Its double-pitched façade appears just beyond the charming village of Mandas, the main town of Trexenta, a borderland between Campidano and Barbagia. The church of San Giacomo Apostolo, built on the site of a 15th-century building, was constructed in Gothic-Catalan style at the end of the 16th century. According to historic documents, work commenced in 1585 under the guidance of two master stonecutters, Gontinio Pinna and Miguel Baldabella, and was completed in 1605, at which time the parish was consecrated. The double-pitched stone roof characterises the façade, with a cross at the intersection. A round arch incorporates the wooden portal, above which is carved the coat of arms of the Carroz family, who ruled the Duchy of Mandas at the time, the only one established in Sardinia by the Spanish Crown (by Philip III in 1614). There are three windows in the upper part of the façade: a central rose window in line with the portal and two rectangular side windows.

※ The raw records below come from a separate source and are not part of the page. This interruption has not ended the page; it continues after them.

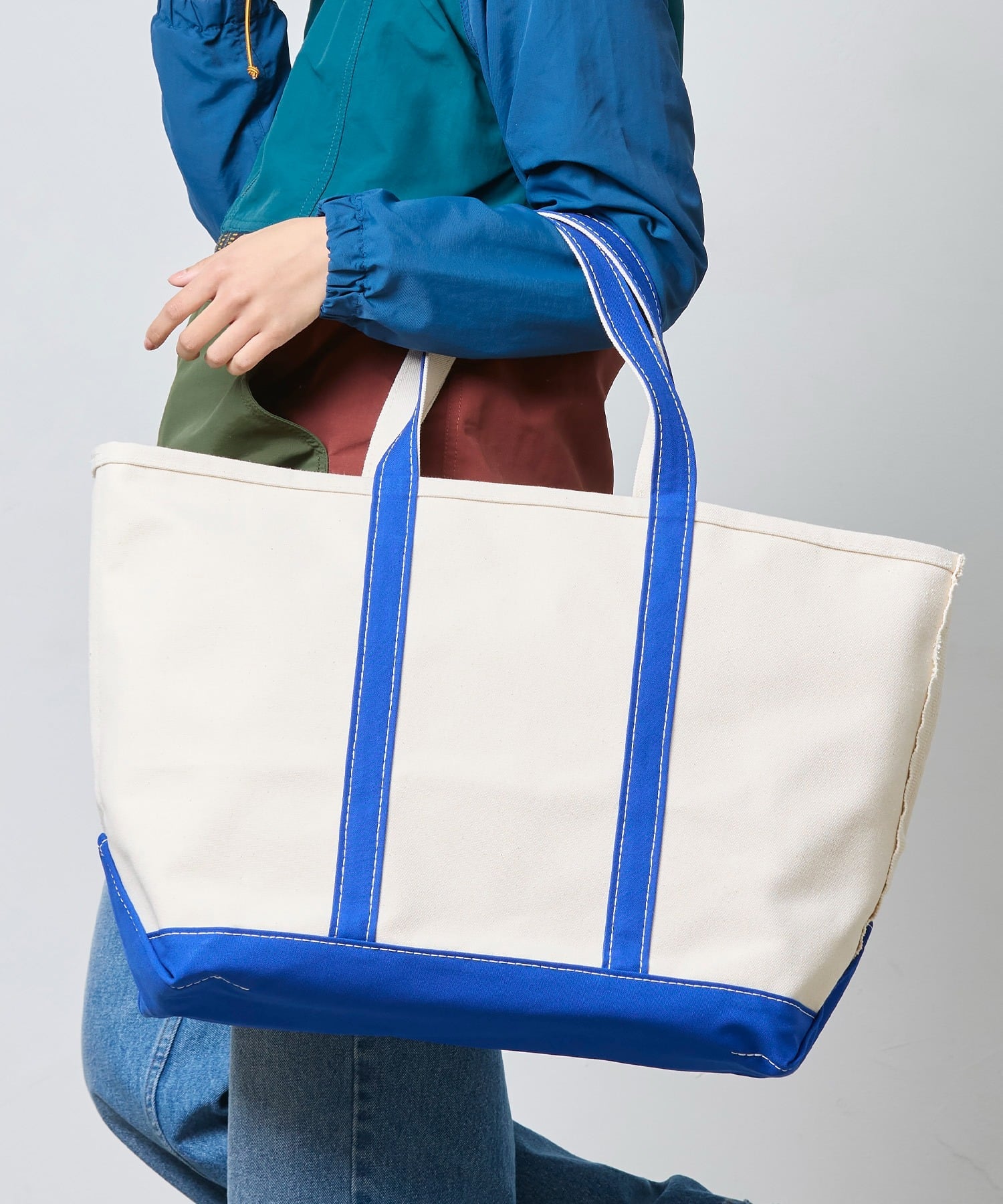 L.L.Bean｜ボート・アンド・トート・バッグ、オープン・トップ ラージ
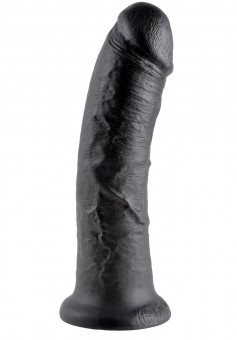 Чёрный фаллоимитатор 8" Cock - 20,3 см., Pipedream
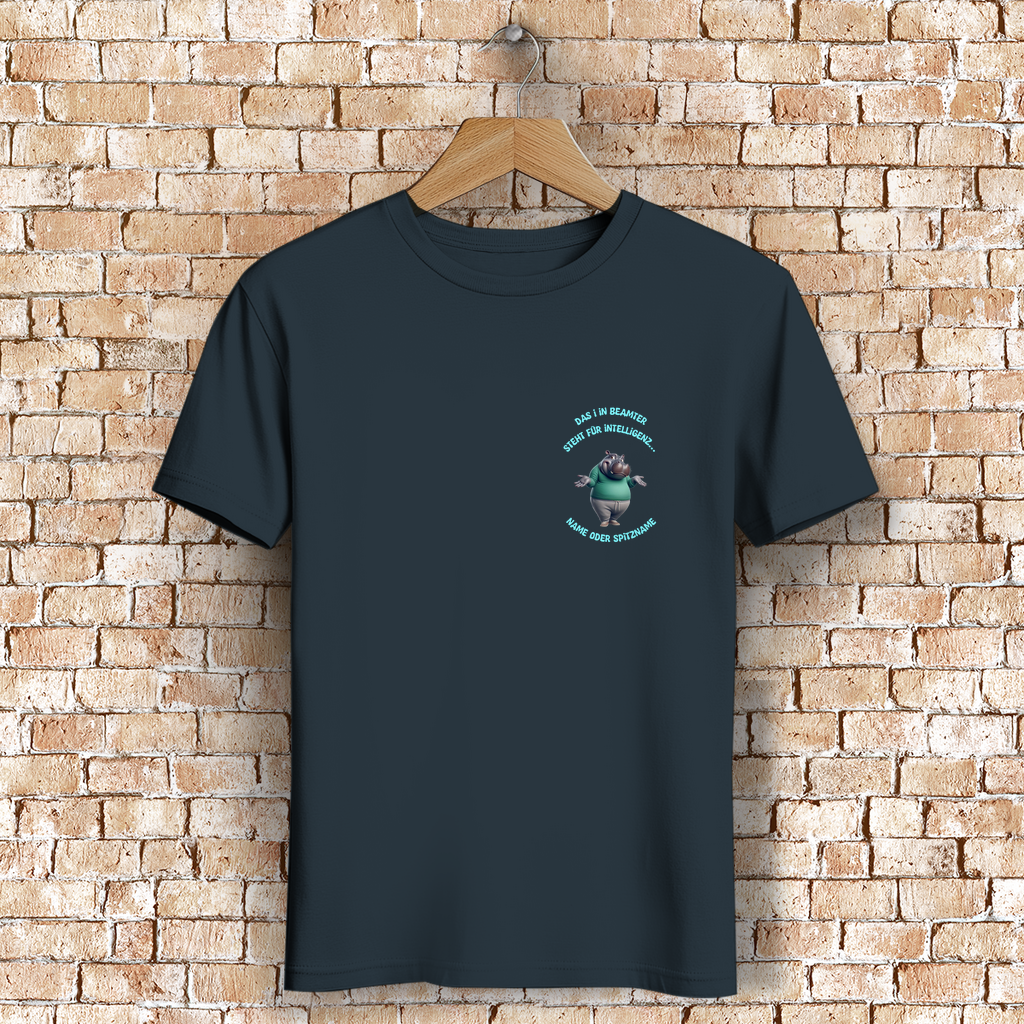 Modell Niko - Elnika Herren Bio T-Shirt -  Beamter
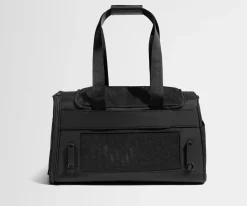 The Pet Carrier in Jet Black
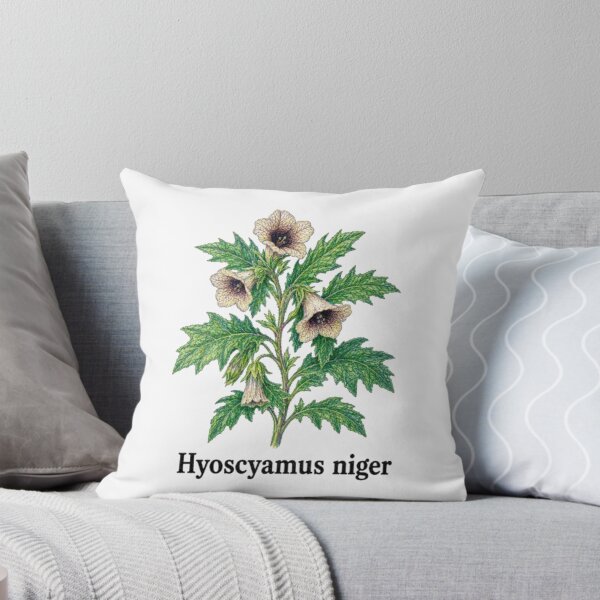 Item preview, Hyoscyamus niger – Black Henbane designed and sold by JOANNASKAH.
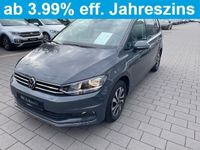 Gebraucht VW Touran Active 150 PS (110 kW) 2022 Grau Van / Kleinbus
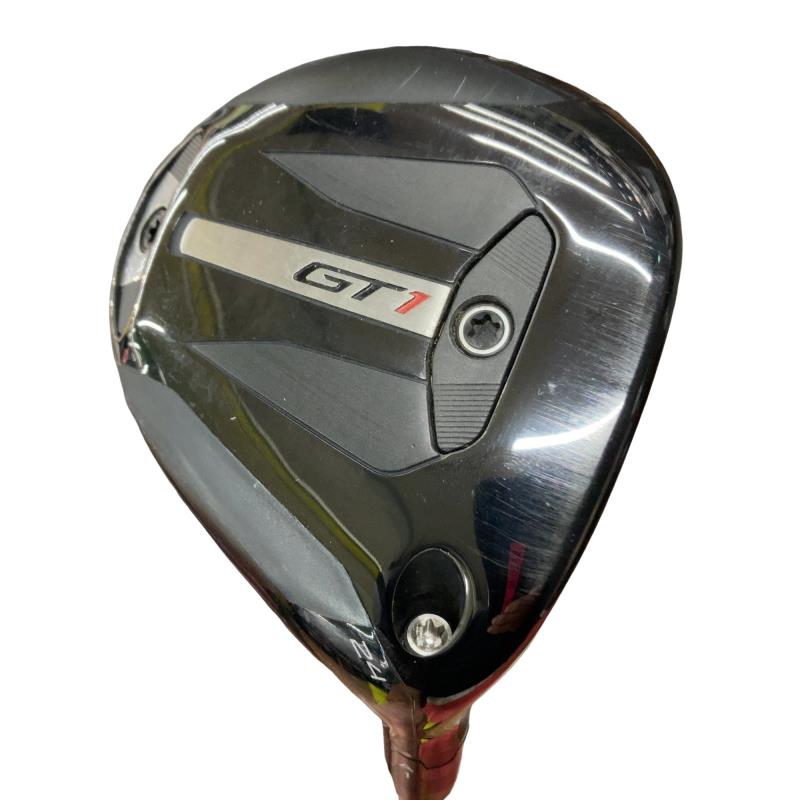 【中古】 タイトリスト GT1 24° フェアウェイウッド FW リシャフト (フレックス余分の物) メンズ 成人男性用 右利き 右用 C序列付ける ゴルフ野球クラブ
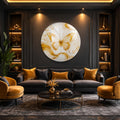 Golden Butterfly Elegance lifestyle view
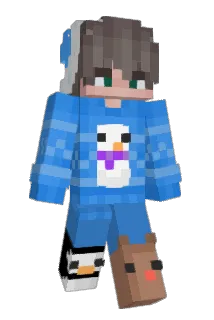Maxometer2 Minecraft avatar full body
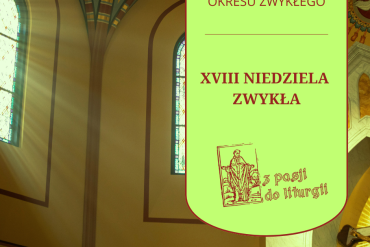 Formularze Okresu Zwykłego – XVII Niedziela Zwykła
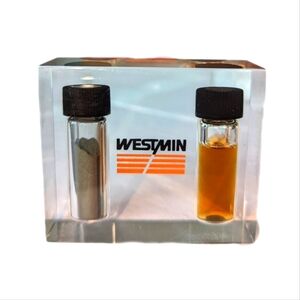 Tar Sands Souvenir - Oil & Sand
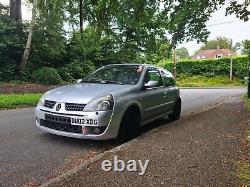 2002 Renault Sport Clio 172, track car long MOT quick sale wanted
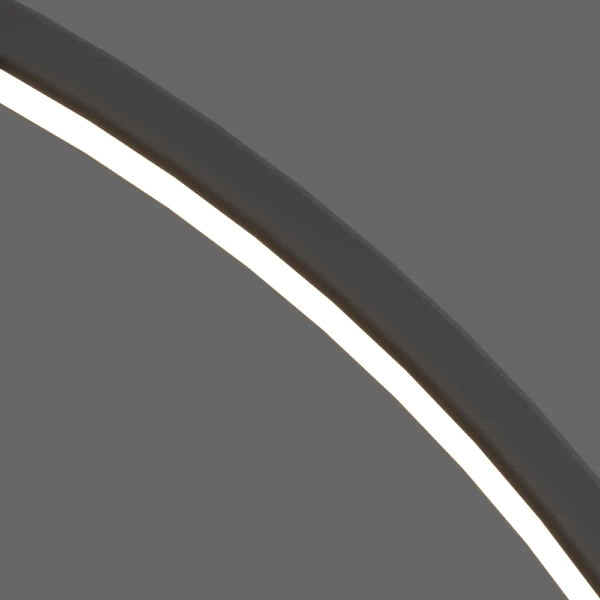 Wisząca lampa ring Loop S PL0119-65-CCT-BK LED 28W CCT IP44 czarny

The room has a rectangular layout, with a juniper-beam roof. Five chapels open up along each side. The presbytery area is raised higher than the floor of the nave and is distinguished by a star vault. The last works date back to 2012, when Giovanni Battista Franco restored the tabernacle of the high altar, being one of the marble creations, together with the baptismal font safeguarded by the church. Both ‘marbles’ date back to the 18th century. Also preserved within are the productions of Spanish and local carvers - a wooden series with crucifix, Madonna and San Giovanni, 17th-century polychrome statues, and various 18th-century wooden altars. At the exit of the parish is Sa Perda De Sa Bregungia, an ancient medieval pillory or ‘stone of shame’. The celebration of the patron saint, Santu Jacu at the end of July is accompanied by the Sagra del Formaggio (cheese festival), an opportunity to taste the local delicacies that testifies to the long pastoral tradition of the town.
Other evocative places of worship in Mandas are the 17th-century compendium of San Cristoforo and San Francesco, the church of Santa Vitalia and the 13th-century complex consisting of the church and convent of Sant’Antonio Abate, which overlooks a short stretch of the Karalis-Ulbia, a tangible sign of the Roman passage. On the opposite side there is the ethnographic museum is Lollasa 'e is Aiaiusu (‘the grandparents’ rooms’), set up in an 18th-century house as a historical record for the village. Mandas, long junction of the railway that led from Cagliari to Mandrolisai and Ogliastra, is today a station for the Trenino Verde (Green Train), an alternative way to explore hidden gems in this part of Sardinia, including cultivated hills, gorges, rock faces and the north-eastern shores of Lago Mulargia.